Katz también vinculó la operación militar en el sur de Líbano con la intención de contrarrestar la influencia de Irán en la región. En sus declaraciones, el ministro afirmó que el objetivo es "arrancar los dientes a la serpiente", haciendo referencia a la necesidad de desmantelar las capacidades de Hezbolá que, según él, cuentan con el respaldo de Teherán. A medida que se avanza en esta estrategia, se busca crear un claro distanciamiento entre Líbano y los intereses iraníes, lo que podría tener profundas implicancias no solo para la estabilidad de la región, sino también para las relaciones diplomáticas entre los países involucrados.

La preocupación por estas medidas ha calado hondo en la capital libanesa, donde la posibilidad de una anexión territorial por parte de Israel ha generado alarmas. A lo largo de los últimos meses, las acciones militares israelíes han resultado en un saldo trágico, con más de 1.200 personas fallecidas, 3.600 heridas y más de un millón de desplazados desde el inicio de las hostilidades en la región. Esta situación ha exacerbado la crisis humanitaria en el sur de Líbano, donde las condiciones de vida se deterioran cada vez más, complicando la posibilidad de un retorno seguro y digno para los desplazados.

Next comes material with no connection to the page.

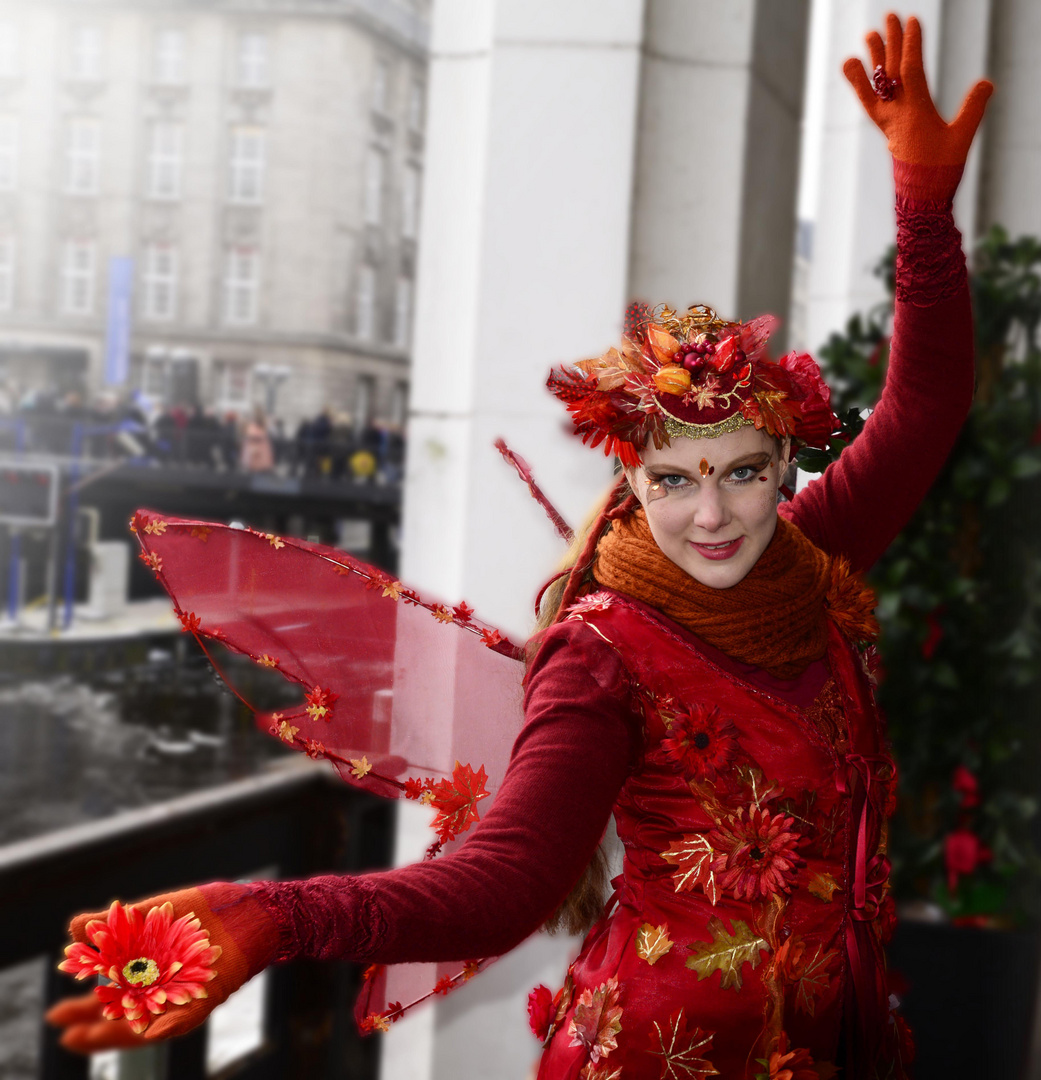 Maskenzauber in Hamburg 2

Las declaraciones de Katz se producen en un contexto marcado por bombardeos frecuentes en el sur de Líbano, que han continuado a pesar de un alto al fuego acordado en noviembre de 2024. Israel ha justificado estos ataques argumentando la existencia de amenazas por parte de Hezbolá, lo que ha llevado a un ciclo de violencia que parece no tener fin. A pesar de los compromisos asumidos para cesar las hostilidades, las Fuerzas de Defensa de Israel han mantenido su actividad militar, buscando expandir su presencia en la región y neutralizar cualquier incursión considerada como un peligro.

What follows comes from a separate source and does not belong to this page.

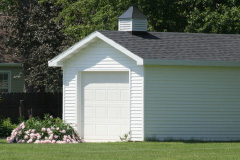 Fraddon outbuilding construction costs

La estrategia anunciada por Israel claramente establece un objetivo de control territorial que resuena con las antiguas dinámicas de conflicto en la región. Katz ha subrayado que el retorno de los desplazados solo será considerado una vez que se asegure la franja de seguridad, lo que plantea interrogantes sobre el futuro de la población civil en esta zona. La implementación de este plan podría generar nuevas tensiones en un contexto ya volátil, lo que invita a reflexionar sobre las implicancias de estas decisiones tanto para Líbano como para el equilibrio en el Medio Oriente.